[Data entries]
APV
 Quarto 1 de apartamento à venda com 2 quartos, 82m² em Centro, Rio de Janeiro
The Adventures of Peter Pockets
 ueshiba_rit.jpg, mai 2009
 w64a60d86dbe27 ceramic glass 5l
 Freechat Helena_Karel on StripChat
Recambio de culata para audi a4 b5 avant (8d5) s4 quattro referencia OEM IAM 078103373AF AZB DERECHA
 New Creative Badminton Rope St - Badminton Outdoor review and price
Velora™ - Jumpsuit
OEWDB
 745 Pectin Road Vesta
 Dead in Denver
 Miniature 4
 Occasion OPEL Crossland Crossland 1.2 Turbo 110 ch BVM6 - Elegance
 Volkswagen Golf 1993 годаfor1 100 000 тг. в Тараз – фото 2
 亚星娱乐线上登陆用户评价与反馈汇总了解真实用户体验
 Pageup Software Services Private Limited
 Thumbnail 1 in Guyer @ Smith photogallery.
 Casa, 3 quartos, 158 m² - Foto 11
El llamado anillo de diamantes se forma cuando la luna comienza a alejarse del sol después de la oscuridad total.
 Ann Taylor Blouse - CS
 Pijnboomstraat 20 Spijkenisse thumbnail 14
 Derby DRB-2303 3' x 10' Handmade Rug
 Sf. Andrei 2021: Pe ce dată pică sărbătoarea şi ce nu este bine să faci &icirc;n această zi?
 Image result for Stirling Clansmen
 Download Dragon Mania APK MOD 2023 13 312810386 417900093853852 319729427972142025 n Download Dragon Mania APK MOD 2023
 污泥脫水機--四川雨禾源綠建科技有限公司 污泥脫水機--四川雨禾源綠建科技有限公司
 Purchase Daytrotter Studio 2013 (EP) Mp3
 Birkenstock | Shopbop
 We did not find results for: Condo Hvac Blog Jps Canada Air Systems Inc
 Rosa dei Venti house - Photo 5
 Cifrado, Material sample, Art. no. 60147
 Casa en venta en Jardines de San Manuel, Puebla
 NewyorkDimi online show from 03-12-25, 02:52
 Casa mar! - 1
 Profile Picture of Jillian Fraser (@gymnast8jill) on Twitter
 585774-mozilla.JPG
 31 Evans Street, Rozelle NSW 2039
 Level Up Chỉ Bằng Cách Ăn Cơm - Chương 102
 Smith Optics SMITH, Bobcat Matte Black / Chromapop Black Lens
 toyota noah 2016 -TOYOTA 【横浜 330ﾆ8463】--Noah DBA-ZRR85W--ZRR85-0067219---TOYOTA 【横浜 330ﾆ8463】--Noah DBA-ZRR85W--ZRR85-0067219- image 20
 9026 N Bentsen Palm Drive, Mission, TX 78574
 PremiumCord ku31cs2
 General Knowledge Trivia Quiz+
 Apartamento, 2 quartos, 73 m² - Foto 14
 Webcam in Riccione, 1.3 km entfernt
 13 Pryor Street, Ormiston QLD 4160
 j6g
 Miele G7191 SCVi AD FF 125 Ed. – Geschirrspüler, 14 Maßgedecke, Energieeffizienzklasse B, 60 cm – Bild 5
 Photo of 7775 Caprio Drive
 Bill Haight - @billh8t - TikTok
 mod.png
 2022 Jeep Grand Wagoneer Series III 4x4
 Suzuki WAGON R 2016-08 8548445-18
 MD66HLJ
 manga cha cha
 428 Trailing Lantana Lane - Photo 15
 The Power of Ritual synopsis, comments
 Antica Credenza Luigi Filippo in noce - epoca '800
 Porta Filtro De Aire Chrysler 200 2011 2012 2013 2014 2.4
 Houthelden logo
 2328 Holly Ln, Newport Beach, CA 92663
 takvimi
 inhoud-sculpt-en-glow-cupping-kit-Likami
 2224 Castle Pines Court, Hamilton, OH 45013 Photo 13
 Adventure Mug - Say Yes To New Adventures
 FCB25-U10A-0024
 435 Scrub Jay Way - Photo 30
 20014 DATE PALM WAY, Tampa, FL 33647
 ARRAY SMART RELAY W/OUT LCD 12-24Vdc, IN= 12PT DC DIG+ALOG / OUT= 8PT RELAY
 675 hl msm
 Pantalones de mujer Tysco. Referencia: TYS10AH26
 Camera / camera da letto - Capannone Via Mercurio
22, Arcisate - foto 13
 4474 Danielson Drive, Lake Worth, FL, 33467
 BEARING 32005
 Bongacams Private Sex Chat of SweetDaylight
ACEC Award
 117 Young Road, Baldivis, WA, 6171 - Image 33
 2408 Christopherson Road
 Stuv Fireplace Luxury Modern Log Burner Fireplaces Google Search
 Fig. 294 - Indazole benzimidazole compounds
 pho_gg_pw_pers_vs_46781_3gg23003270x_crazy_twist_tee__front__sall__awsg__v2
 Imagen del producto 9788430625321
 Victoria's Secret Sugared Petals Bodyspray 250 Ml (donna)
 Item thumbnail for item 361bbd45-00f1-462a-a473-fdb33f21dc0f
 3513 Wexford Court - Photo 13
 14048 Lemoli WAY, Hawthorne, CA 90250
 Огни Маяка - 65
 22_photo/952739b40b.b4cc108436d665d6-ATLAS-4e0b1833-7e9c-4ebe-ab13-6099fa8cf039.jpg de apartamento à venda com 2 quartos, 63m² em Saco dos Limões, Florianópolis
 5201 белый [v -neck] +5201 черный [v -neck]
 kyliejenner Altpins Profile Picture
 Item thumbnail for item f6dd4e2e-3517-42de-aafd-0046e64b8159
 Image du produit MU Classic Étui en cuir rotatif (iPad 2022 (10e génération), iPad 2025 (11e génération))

▸ **DESCRIPTION OF THE TASK**
Once you find the line with "Profile Picture of" above, print it and every line after it up to and including the line with "manga cha cha", exactly as written and nothing else.

▸ **WRITTEN ANSWER**
 Profile Picture of Jillian Fraser (@gymnast8jill) on Twitter
 585774-mozilla.JPG
 31 Evans Street, Rozelle NSW 2039
 Level Up Chỉ Bằng Cách Ăn Cơm - Chương 102
 Smith Optics SMITH, Bobcat Matte Black / Chromapop Black Lens
 toyota noah 2016 -TOYOTA 【横浜 330ﾆ8463】--Noah DBA-ZRR85W--ZRR85-0067219---TOYOTA 【横浜 330ﾆ8463】--Noah DBA-ZRR85W--ZRR85-0067219- image 20
 9026 N Bentsen Palm Drive, Mission, TX 78574
 PremiumCord ku31cs2
 General Knowledge Trivia Quiz+
 Apartamento, 2 quartos, 73 m² - Foto 14
 Webcam in Riccione, 1.3 km entfernt
 13 Pryor Street, Ormiston QLD 4160
 j6g
 Miele G7191 SCVi AD FF 125 Ed. – Geschirrspüler, 14 Maßgedecke, Energieeffizienzklasse B, 60 cm – Bild 5
 Photo of 7775 Caprio Drive
 Bill Haight - @billh8t - TikTok
 mod.png
 2022 Jeep Grand Wagoneer Series III 4x4
 Suzuki WAGON R 2016-08 8548445-18
 MD66HLJ
 manga cha cha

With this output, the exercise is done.